Re: Streaming JSON RowSets (JENA-2302)

2022-03-10 Thread Andy Seaborne
This PR is looking good. It'll be great to have true stream 
implementation of JSON results for the normal cases of a result set that 
"head" then the "results" array.


Andy

On 09/03/2022 10:37, Claus Stadler wrote:

Dear all,


I want to inform you of an active PR for making RowSets over 
application/sparql-reults+json streaming



JIRA: https://issues.apache.org/jira/projects/JENA/issues/JENA-2302

PR: https://github.com/apache/jena/pull/1218


As nowadays JSON is the default content type used in Jena for sparql 
results, this PR is aimed at easing working with large sparql result 
sets by having streaming working out-of-the-box.


The implementation used by jena so far loaded json sparql result sets 
into memory first.



The JSON format itself allows for repeated keys (where the last one 
takes precedence) and keys may appear in any order - these things 
introduce a certain variety in how sparql result sets can be represented 
and that needs to be handled correctly by the implementation.



While the new implementation already succeeds on all existing jena 
tests, there is still the risk of breaking existing implementations that 
rely on certain behavior of the non-streaming approach.

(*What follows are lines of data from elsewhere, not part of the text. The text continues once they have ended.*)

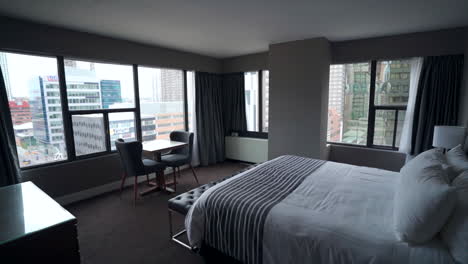 Ein-Geräumiges-Und-Elegant-Gestaltetes-Hotelzimmer-Mit-Einem-Kingsize-Bett,-Das-In-Weiche-Bettwäsche-Gehüllt-Und-Mit-Kissen-Und-Einer-Kuscheligen-Decke-Geschmückt-Ist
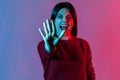 Neon light portrait of scared crazy woman standing with outstretched hand, showing stop gesture and screaming Royalty Free Stock Photo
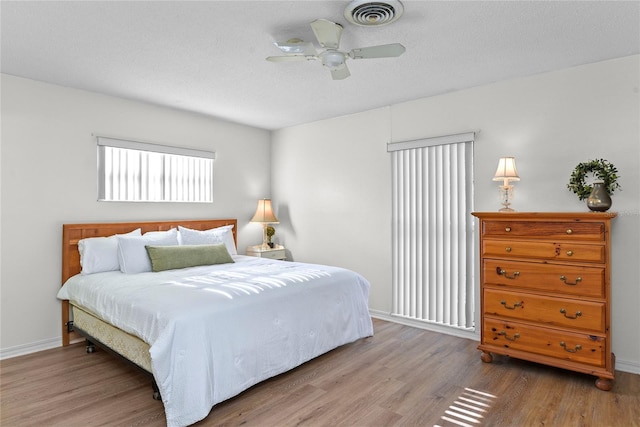 bedroom featuring baseboards, ceiling fan, wood finished floors, and visible vents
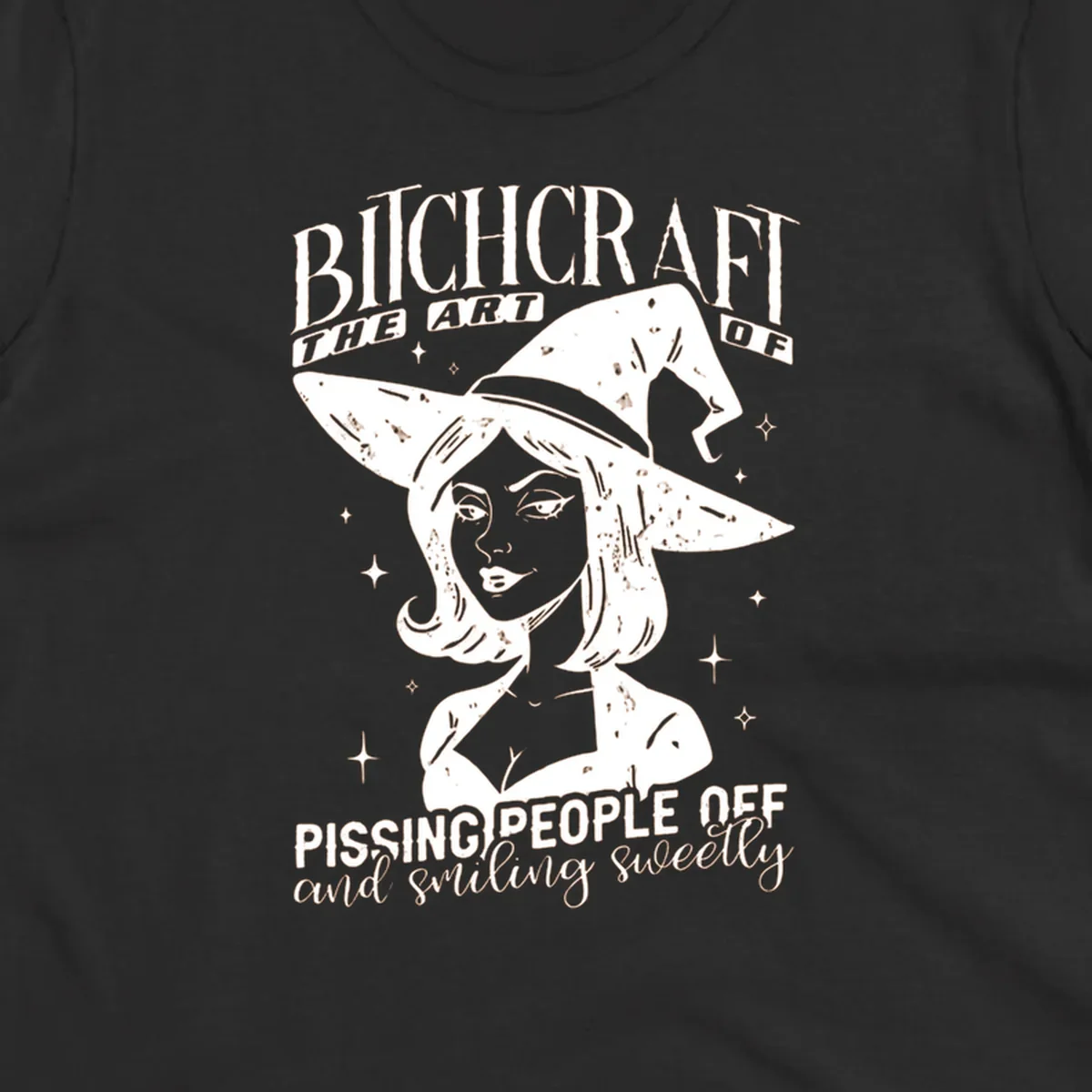 Illustration of a witch with the text Bitchcraft The Art Of Pissing People Off and smiling sweetly.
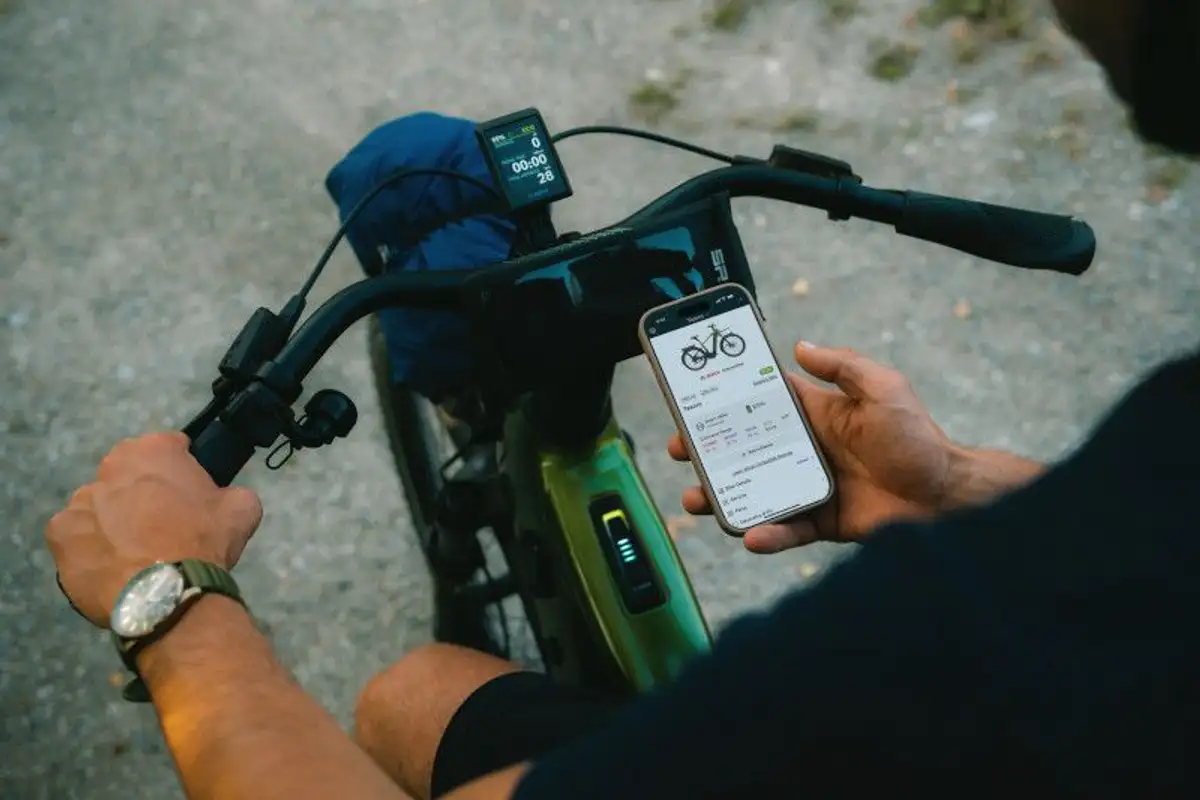 Mann sitzt auf Fahrrad und schaut auf sein Handy, eine Hand am Lenker, Detailaufnahme von oben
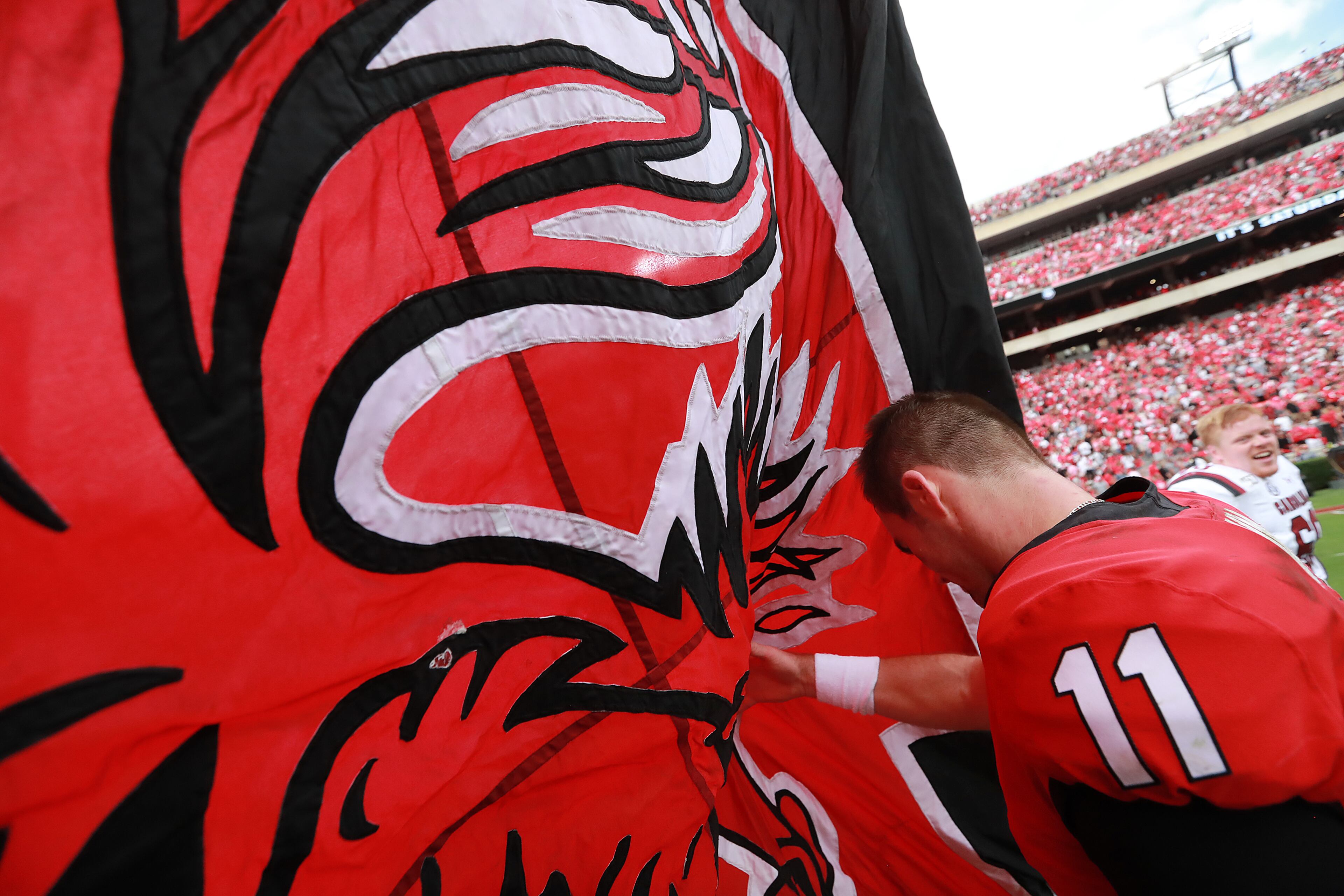 Georgia quarterback Jake Fromm is wrapped up in the South Carolina Gamecock flag as he walks off the field. Curtis Compton/ccompton@ajc.com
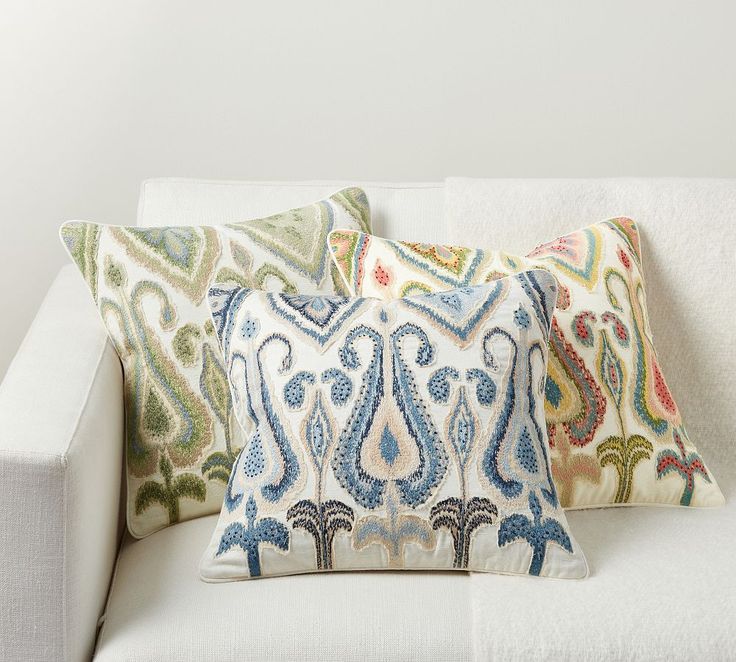 three decorative pillows on a white couch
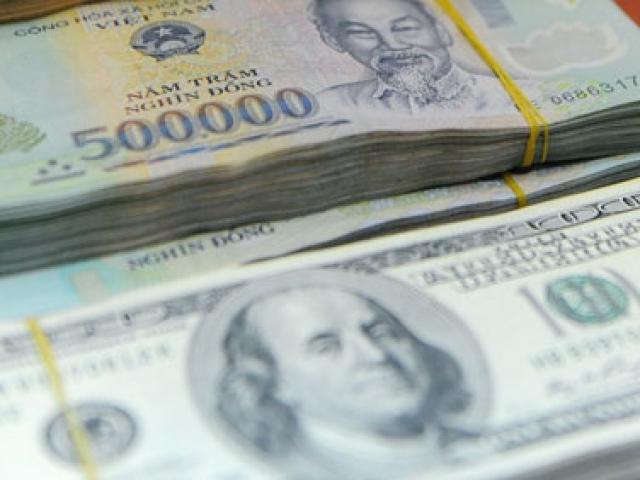 Tài chính - Lãi suất tiền gửi USD kém VND 5%: Lợi khi gửi tiền đồng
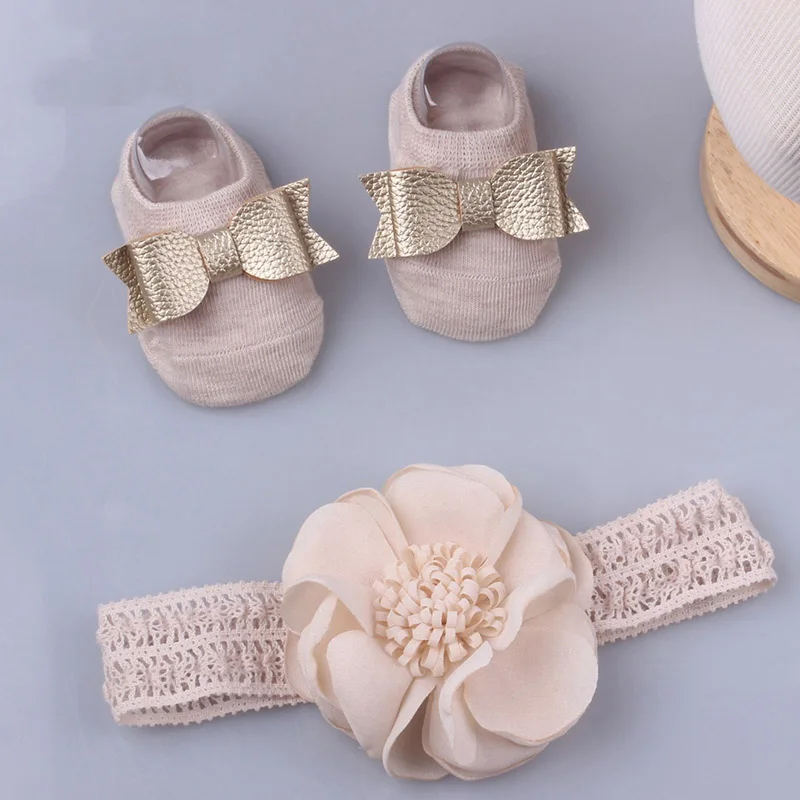 Un par de zapatos de bebé con arcos y una flor en un encaje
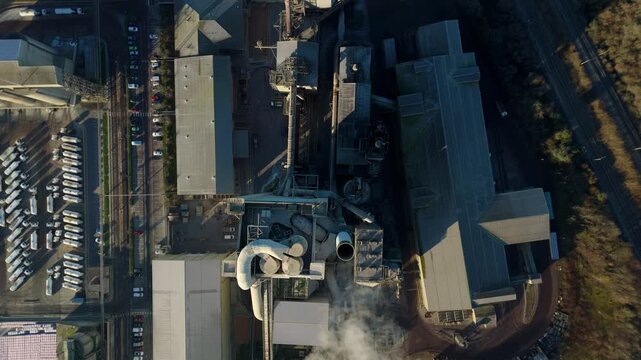 Smooth aerial drone glide over the complex industrial piping and kilns of a cement facility.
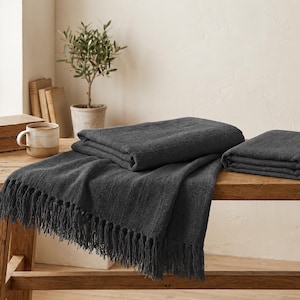 May include: Two folded charcoal grey blankets with a textured weave and long fringe edges. The blankets are displayed on a wooden surface, showcasing a deep, dark grey colour and a consistent, woven fabric pattern throughout the textile pieces.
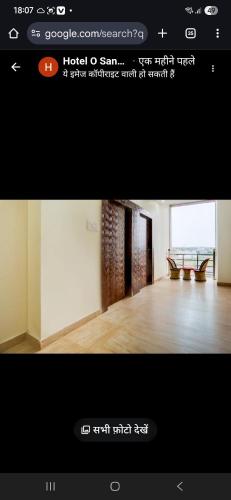 a picture of a room with a bench and a table at Hotel The Sangat Prime 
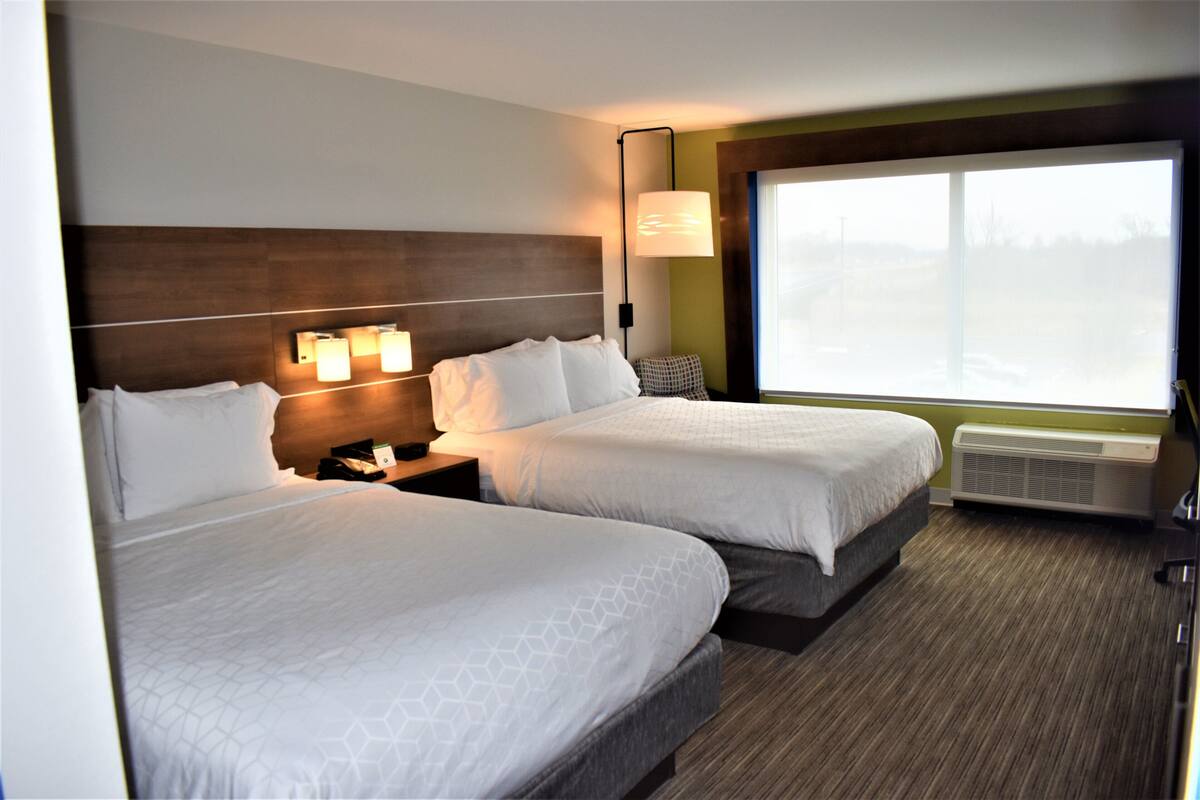 A hotel room with two beds, a nightstand, a lamp, and a large window.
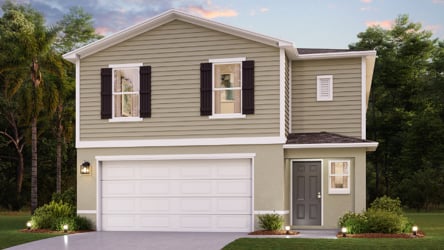 A white house with a garage.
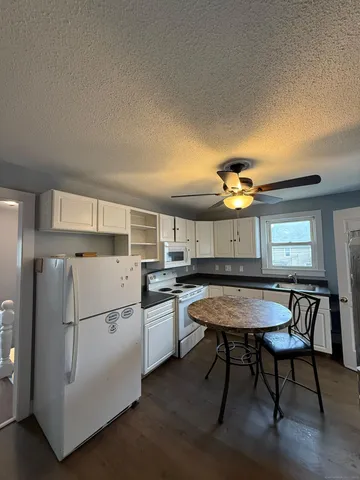 a kitchen with a table chairs and refrigerator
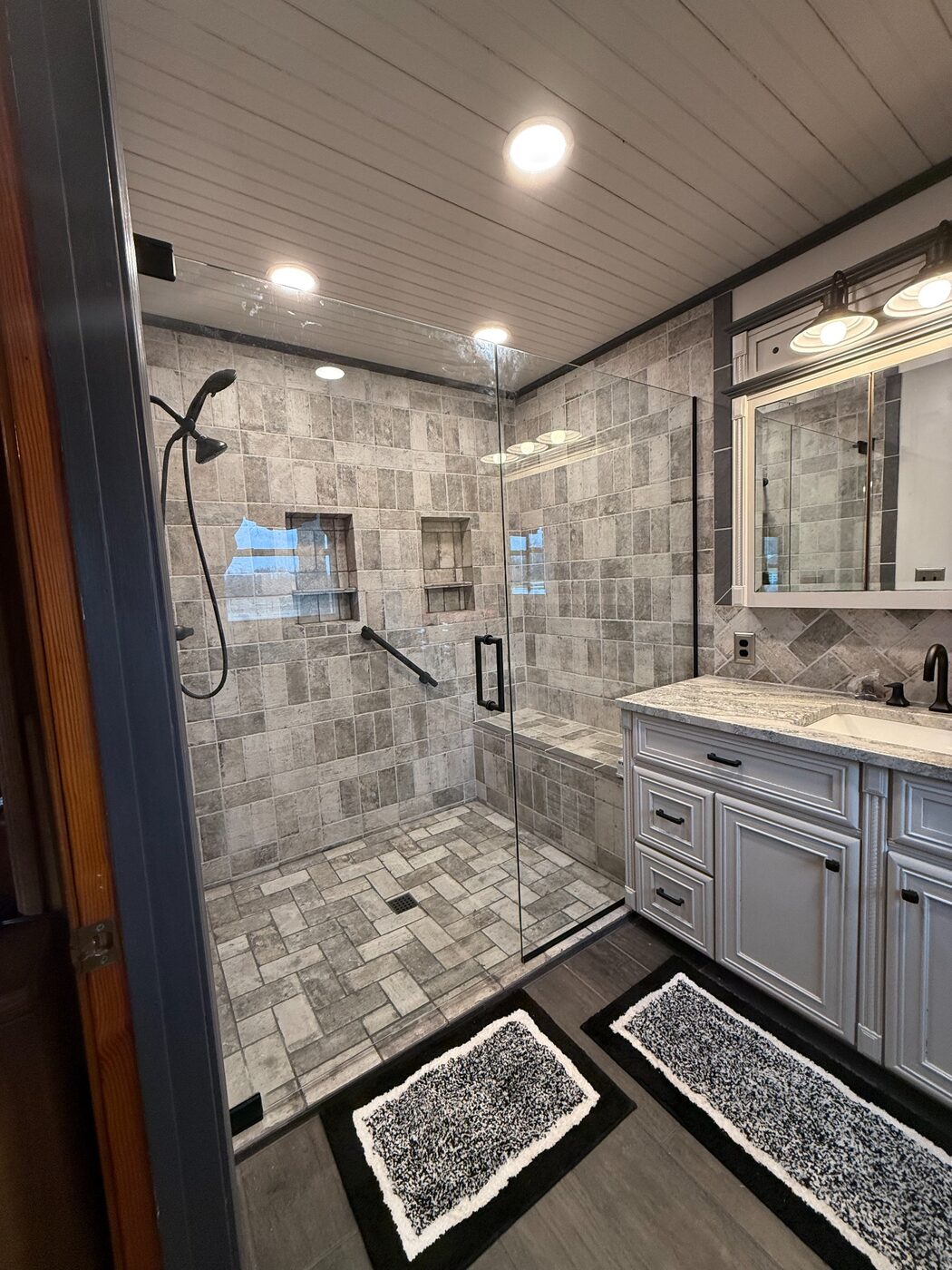 Large frameless glass shower enclosure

Therefore, if you think this change might (negatively) affect you then 
please provide feedback on the proposed PR.



Best regards,

Claus Stadler



Streaming JSON RowSets (JENA-2302)

2022-03-09 Thread Claus Stadler

Dear all,


I want to inform you of an active PR for making RowSets over 
application/sparql-reults+json streaming



JIRA: https://issues.apache.org/jira/projects/JENA/issues/JENA-2302

PR: https://github.com/apache/jena/pull/1218


As nowadays JSON is the default content type used in Jena for sparql 
results, this PR is aimed at easing working with large sparql result 
sets by having streaming working out-of-the-box.


The implementation used by jena so far loaded json sparql result sets 
into memory first.



The JSON format itself allows for repeated keys (where the last one 
takes precedence) and keys may appear in any order - these things 
introduce a certain variety in how sparql result sets can be represented 
and that needs to be handled correctly by the implementation.



While the new implementation already succeeds on all existing jena 
tests, there is still the risk of breaking existing implementations that 
rely on certain behavior of the non-streaming approach.



Therefore, if you think this change might (negatively) affect you then 
please provide feedback on the proposed PR.



Best regards,

Claus Stadler

--
Dipl. Inf. Claus Stadler
Institute of Applied Informatics (InfAI) / University of Leipzig
Workpage & WebID: http://aksw.org/ClausStadler